(Beginning of Provided data)

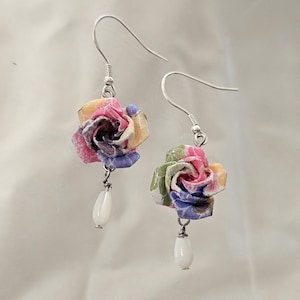 May include: A pair of floral earrings. Each earring features a colourful paper rose in shades of pink, yellow, and blue, with a white teardrop-shaped bead dangling below. The earrings have silver hooks.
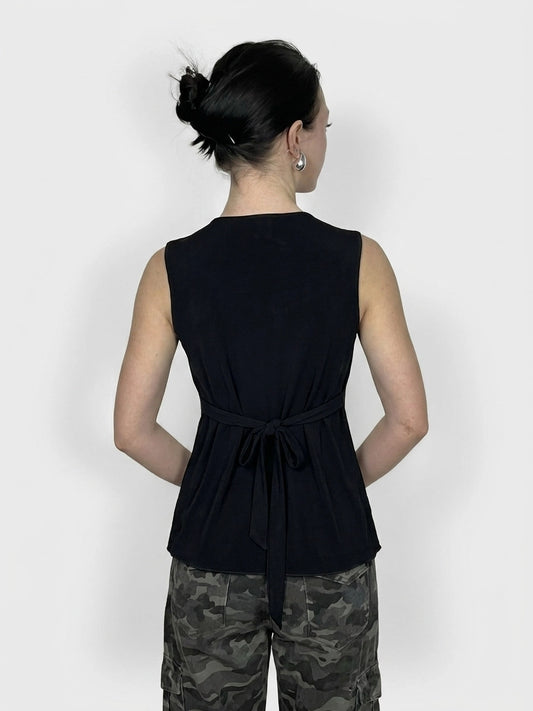 Back view of a sleeveless black top with a bow detail at the waist.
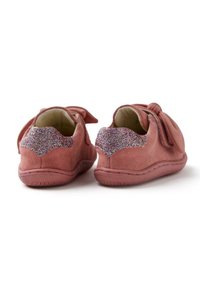 Des chaussures en daim rose avec des accents scintillants texturés sur le talon et un détail en nœud sur la languette. Semelle flexible avec des coutures le long du bord.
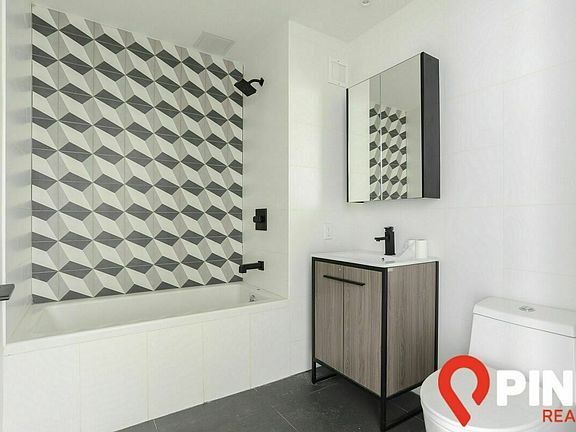 3rd image of 323 E 19th St APT 2A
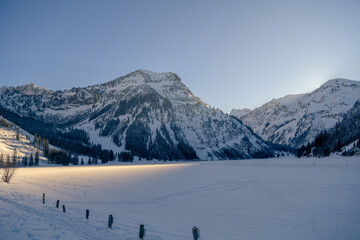 Last ray of sunshine on the Vilsalpsee. Shadow on the mountain slopes and frozen lake near Tannheim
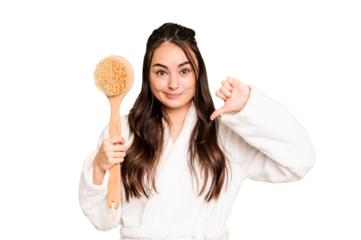 Young caucasian woman holding shower brush isolated on green chroma background showing a dislike gesture, thumbs down. Disagreement concept.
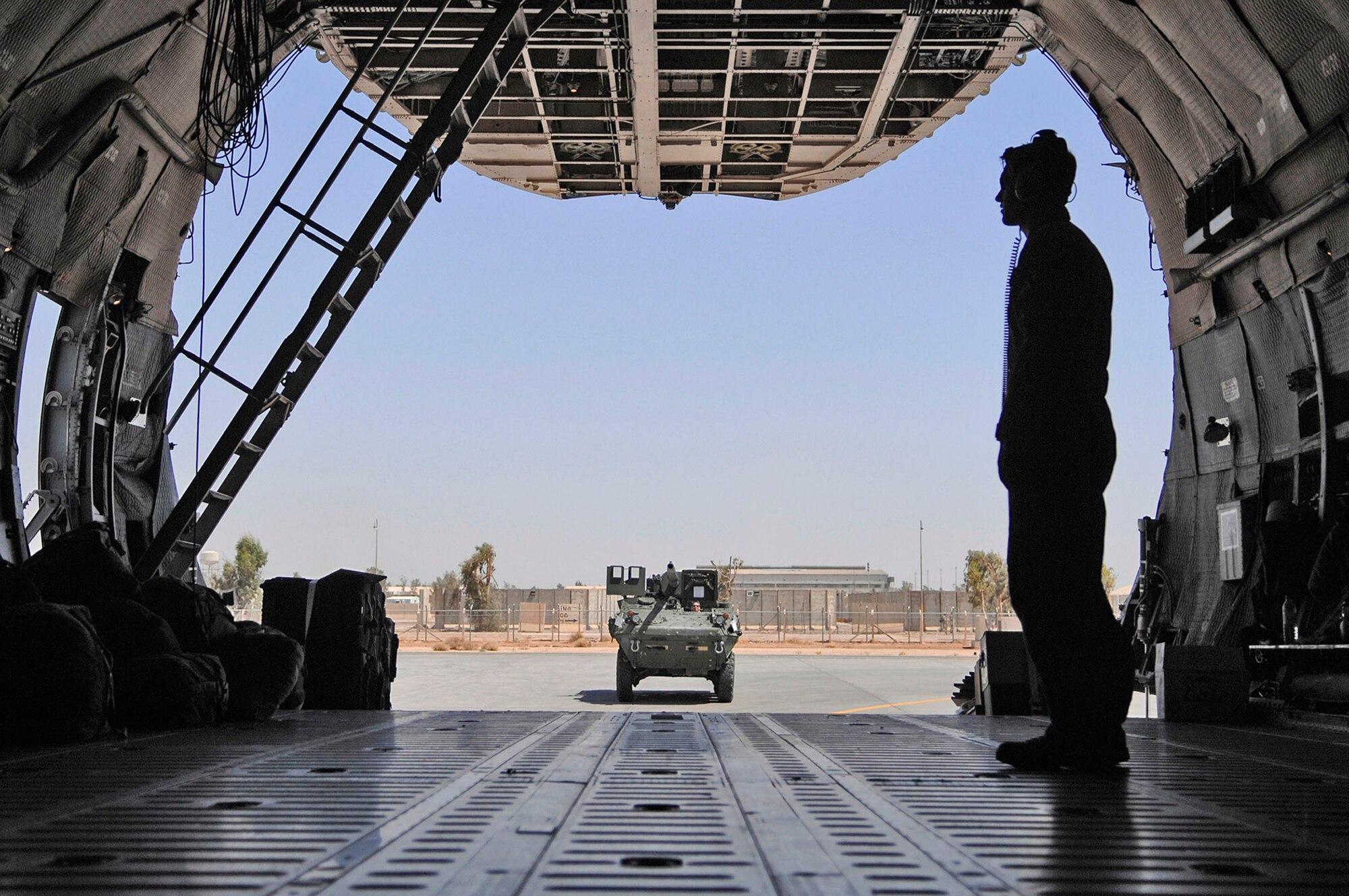 Tech. Sgt. Kurt Nemecek waits to usher an Army Stryker Infantry Carrier Vehicle onto a C-5 Galaxy June 25 at Joint Base Balad, Iraq. Two Strykers were loaded and headed to the Anniston Army Depot in Ala. The C-5 is mainly used to transport oversized cargo, and has a maximum capacity of 270,000 pounds. Sergeant Nemecek is a 9th Airlift Squadron flight engineer assigned to Dover Air Force Base, Del. (U.S. Air Force photo/Senior Airman Julianne Showalter)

(End of Provided data)

**What the exercise asks**
An exact copy of the records above is needed, with the pictures removed.

**Your solution**
 May include: A pair of floral earrings. Each earring features a colourful paper rose in shades of pink, yellow, and blue, with a white teardrop-shaped bead dangling below. The earrings have silver hooks.
 Back view of a sleeveless black top with a bow detail at the waist.
 Des chaussures en daim rose avec des accents scintillants texturés sur le talon et un détail en nœud sur la languette. Semelle flexible avec des coutures le long du bord.
 3rd image of 323 E 19th St APT 2A
 Last ray of sunshine on the Vilsalpsee. Shadow on the mountain slopes and frozen lake near Tannheim
 Young caucasian woman holding shower brush isolated on green chroma background showing a dislike gesture, thumbs down. Disagreement concept.
 Tech. Sgt. Kurt Nemecek waits to usher an Army Stryker Infantry Carrier Vehicle onto a C-5 Galaxy June 25 at Joint Base Balad, Iraq. Two Strykers were loaded and headed to the Anniston Army Depot in Ala. The C-5 is mainly used to transport oversized cargo, and has a maximum capacity of 270,000 pounds. Sergeant Nemecek is a 9th Airlift Squadron flight engineer assigned to Dover Air Force Base, Del. (U.S. Air Force photo/Senior Airman Julianne Showalter)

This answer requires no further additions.